ABOUT THIS EXERCISE> What lines in the material hold the string "Jeep"? Return every one of them.

[DATA SUPPLIED — start]

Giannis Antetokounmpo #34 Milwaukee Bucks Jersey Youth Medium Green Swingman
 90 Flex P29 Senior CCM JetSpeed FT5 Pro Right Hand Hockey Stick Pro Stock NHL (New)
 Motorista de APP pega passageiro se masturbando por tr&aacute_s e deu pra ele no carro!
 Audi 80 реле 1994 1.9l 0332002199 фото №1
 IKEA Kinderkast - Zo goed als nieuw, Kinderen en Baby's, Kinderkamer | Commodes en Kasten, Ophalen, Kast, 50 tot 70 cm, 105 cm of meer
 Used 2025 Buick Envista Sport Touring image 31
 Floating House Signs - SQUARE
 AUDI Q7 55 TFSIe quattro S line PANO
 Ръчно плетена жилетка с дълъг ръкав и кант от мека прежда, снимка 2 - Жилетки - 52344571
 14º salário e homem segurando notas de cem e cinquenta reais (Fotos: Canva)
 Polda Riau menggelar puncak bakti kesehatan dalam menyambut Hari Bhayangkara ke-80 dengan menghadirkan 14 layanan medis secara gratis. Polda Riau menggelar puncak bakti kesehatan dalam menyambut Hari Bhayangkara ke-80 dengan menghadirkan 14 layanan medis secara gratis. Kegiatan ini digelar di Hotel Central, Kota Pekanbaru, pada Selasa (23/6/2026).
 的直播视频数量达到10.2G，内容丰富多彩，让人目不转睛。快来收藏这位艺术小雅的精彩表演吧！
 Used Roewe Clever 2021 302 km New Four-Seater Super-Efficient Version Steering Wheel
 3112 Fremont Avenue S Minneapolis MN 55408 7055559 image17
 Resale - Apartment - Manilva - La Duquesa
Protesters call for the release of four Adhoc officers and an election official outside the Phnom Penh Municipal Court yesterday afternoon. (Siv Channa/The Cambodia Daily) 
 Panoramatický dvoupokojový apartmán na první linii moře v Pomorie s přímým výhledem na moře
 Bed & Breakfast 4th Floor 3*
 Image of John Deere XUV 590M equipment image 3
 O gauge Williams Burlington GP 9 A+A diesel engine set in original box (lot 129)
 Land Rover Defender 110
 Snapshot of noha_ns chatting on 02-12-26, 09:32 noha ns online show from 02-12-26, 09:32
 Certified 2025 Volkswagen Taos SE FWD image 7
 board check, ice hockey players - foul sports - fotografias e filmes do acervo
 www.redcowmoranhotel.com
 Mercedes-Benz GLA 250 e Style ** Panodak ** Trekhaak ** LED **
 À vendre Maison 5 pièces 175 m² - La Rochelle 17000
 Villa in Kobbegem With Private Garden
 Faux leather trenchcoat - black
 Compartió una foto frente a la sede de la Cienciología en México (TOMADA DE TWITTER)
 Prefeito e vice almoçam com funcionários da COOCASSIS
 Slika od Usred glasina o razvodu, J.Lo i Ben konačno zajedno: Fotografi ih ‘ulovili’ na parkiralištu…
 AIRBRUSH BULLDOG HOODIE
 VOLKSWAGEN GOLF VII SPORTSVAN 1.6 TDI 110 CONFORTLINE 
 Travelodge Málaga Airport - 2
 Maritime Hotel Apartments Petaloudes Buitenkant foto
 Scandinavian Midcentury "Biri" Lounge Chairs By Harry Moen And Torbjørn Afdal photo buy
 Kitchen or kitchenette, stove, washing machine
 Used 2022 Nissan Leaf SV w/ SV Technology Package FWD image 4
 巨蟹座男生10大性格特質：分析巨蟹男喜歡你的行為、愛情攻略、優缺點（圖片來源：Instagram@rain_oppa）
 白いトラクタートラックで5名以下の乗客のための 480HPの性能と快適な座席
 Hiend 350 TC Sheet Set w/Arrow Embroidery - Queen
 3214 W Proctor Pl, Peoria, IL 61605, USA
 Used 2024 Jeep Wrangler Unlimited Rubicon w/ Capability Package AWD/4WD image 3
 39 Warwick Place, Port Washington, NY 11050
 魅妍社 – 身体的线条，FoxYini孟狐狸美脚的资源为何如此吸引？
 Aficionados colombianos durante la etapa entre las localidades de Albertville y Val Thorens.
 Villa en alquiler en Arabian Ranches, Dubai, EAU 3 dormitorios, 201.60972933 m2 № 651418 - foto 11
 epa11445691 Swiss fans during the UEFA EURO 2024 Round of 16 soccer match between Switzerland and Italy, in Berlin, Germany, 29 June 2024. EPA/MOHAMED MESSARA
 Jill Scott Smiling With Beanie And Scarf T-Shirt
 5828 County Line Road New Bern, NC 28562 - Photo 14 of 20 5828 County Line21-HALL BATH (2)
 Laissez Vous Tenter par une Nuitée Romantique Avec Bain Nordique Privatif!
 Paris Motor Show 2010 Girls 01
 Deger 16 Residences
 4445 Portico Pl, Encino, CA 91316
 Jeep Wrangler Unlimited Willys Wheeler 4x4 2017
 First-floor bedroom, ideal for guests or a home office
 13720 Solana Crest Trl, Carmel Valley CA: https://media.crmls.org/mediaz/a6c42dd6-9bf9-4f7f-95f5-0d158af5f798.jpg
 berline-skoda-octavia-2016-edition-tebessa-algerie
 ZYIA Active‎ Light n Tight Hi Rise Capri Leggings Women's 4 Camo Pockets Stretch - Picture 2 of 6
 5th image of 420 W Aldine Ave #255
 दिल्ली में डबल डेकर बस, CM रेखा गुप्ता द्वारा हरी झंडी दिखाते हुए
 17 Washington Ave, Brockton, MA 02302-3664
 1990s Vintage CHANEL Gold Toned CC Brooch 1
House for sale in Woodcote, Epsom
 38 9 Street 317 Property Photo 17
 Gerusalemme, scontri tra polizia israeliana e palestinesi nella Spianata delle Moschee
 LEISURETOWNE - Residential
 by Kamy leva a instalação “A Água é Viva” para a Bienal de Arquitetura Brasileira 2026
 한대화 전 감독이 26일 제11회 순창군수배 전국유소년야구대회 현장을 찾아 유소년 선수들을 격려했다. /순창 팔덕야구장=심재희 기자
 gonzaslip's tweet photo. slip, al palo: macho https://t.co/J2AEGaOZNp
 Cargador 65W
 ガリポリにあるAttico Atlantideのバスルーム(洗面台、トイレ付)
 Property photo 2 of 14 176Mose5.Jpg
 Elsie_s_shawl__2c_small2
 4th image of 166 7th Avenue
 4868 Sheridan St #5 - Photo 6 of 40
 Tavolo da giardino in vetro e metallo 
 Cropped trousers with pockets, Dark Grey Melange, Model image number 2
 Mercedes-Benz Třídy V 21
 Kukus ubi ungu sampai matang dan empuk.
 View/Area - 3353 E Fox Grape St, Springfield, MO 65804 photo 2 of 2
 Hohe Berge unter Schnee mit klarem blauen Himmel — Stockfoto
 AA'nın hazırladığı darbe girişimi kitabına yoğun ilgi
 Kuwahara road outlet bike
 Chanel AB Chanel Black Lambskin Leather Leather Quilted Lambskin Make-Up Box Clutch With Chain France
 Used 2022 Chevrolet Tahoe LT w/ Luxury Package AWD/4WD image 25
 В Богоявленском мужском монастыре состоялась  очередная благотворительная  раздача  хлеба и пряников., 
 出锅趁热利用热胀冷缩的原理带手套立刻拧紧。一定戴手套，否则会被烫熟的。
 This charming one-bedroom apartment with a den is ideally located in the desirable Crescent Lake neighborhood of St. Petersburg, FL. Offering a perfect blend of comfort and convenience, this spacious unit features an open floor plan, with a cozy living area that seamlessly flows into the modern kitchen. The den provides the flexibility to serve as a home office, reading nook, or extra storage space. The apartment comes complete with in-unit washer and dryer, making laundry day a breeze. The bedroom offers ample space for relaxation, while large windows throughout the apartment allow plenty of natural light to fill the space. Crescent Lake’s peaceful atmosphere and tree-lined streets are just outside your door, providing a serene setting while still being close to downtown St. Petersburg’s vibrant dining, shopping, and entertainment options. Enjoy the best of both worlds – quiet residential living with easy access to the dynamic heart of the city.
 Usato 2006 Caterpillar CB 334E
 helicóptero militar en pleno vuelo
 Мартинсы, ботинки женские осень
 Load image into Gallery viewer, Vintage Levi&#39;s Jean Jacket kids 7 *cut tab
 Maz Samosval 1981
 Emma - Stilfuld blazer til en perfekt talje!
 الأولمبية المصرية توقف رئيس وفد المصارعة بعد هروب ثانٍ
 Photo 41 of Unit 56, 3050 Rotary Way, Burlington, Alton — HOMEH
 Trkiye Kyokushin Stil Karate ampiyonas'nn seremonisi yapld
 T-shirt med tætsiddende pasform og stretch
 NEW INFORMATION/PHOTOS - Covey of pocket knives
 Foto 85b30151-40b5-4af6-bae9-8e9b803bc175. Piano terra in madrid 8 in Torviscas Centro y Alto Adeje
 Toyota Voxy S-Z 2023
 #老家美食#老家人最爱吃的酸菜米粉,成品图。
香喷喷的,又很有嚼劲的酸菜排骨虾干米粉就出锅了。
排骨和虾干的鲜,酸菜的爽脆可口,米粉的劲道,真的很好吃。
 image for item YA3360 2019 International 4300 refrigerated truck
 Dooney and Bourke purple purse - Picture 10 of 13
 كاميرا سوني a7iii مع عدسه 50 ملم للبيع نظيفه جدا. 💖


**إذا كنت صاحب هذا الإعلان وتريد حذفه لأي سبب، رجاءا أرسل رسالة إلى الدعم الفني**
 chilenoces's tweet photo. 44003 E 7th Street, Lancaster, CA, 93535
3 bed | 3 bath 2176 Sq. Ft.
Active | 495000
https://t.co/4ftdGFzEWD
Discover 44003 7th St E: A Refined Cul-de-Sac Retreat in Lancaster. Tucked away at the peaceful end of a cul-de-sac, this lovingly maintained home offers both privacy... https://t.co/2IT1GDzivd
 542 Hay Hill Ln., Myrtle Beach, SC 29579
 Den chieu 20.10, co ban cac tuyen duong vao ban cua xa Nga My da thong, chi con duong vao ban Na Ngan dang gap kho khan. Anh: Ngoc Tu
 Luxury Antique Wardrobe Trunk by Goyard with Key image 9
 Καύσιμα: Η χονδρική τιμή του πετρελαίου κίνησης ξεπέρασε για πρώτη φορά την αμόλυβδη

[DATA SUPPLIED — finish]

WRITTEN RESPONSE>
 Used 2024 Jeep Wrangler Unlimited Rubicon w/ Capability Package AWD/4WD image 3
 Jeep Wrangler Unlimited Willys Wheeler 4x4 2017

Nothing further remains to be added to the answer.